Borst, Katharina, Flindt, Sven, Blank, Patrick, Larsen, Pia-Katharina, Chhatbar, Chintan, Skerra, Jennifer, Spanier, Julia, Hirche, Christoph, König, Martin, Alanentalo, Tomas, Hafner, Martin, Waibler, Zoe, Pfeffer, Klaus, Sexl, Veronika, Sutter, Gerd ORCID logoORCID: https://orcid.org/0000-0001-6143-082X, Mueller, Werner, Graalmann, Theresa and Kalinke, Ulrich (2020): Selective reconstitution of IFN-gamma gene function in Ncr1(+) NK cells is sufficient to control systemic vaccinia virus infection.
In: PLOS Pathogens 16(2), e1008279 [PDF, 2MB]

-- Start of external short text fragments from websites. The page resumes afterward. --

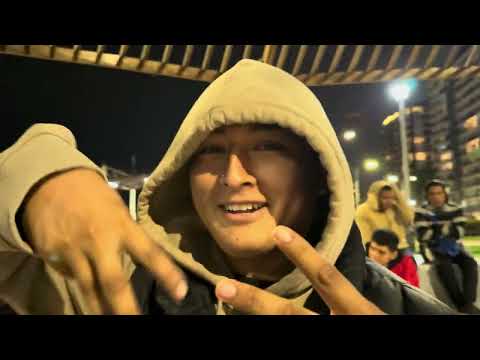 DANU XL vs MIJAEL CUBITO - SEMIFINAL - LZ DUPLAS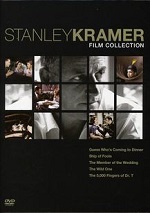 Stanley Kramer Film Collection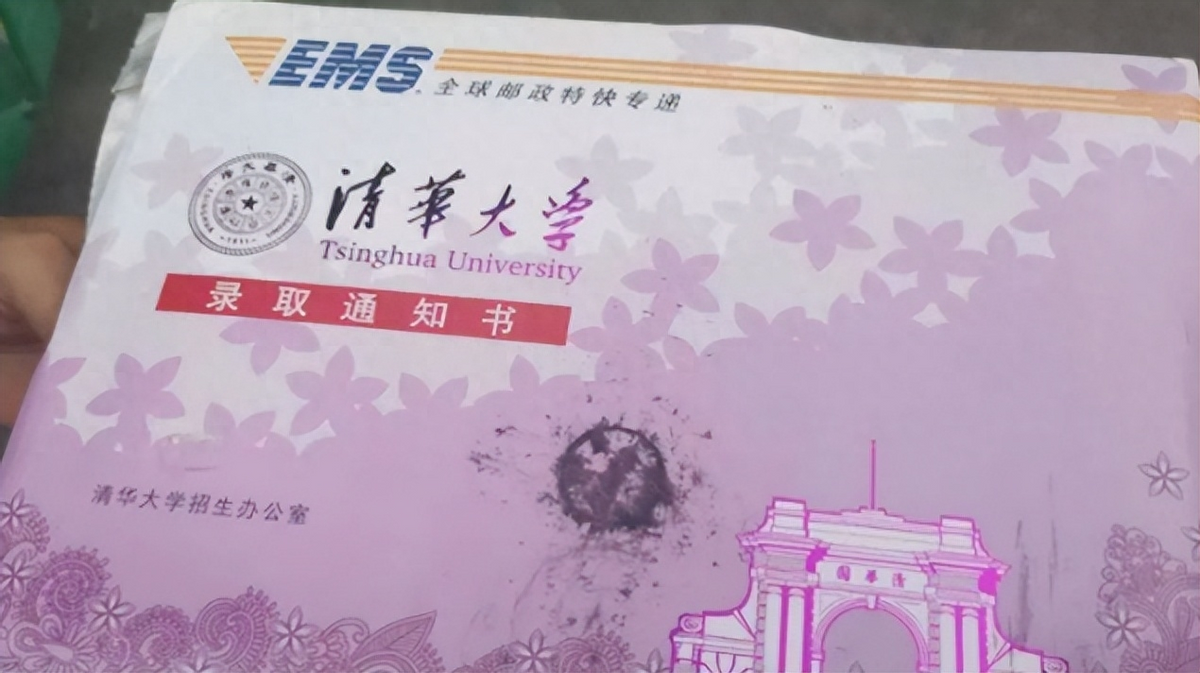 回顾:湖北高考生放弃保送清华,称要享受高考过程,最终考了多少分?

Viral infections induce interferon (IFN) responses that constitute a first line of defense. Type II IFN (IFN-gamma) is required for protection against lethal vaccinia virus (VACV) infection. To address the cellular origin of protective IFN-gamma responses during VACV infection, we generated IFN-gamma(OFF) mice, in which the endogenous IFN-gamma gene function can be reconstituted in a Cre-dependent manner. IFN-gamma(OFF) mice were intercrossed with Ncr1-Cre mice that express Cre selectively in Ncr1(+) innate cell subsests such as NK cells. Surprisingly, VACV infected IFN-gamma(Ncr1-ON) mice mounted two waves of IFN-gamma responses. Reconstitution of innate IFN-gamma was sufficient to restore cytokine responses that supported normal myeloid cell distribution and survival upon VACV infection. In conclusion, IFN-gamma derived from Ncr1(+) innate immune cells is sufficient to elicit fully effective immune responses upon VACV infection. Our new mouse model is suitable to further address the role of Ncr1(+) cell-derived IFN-gamma also in other models of infection, as well as of autoimmunity and cancer.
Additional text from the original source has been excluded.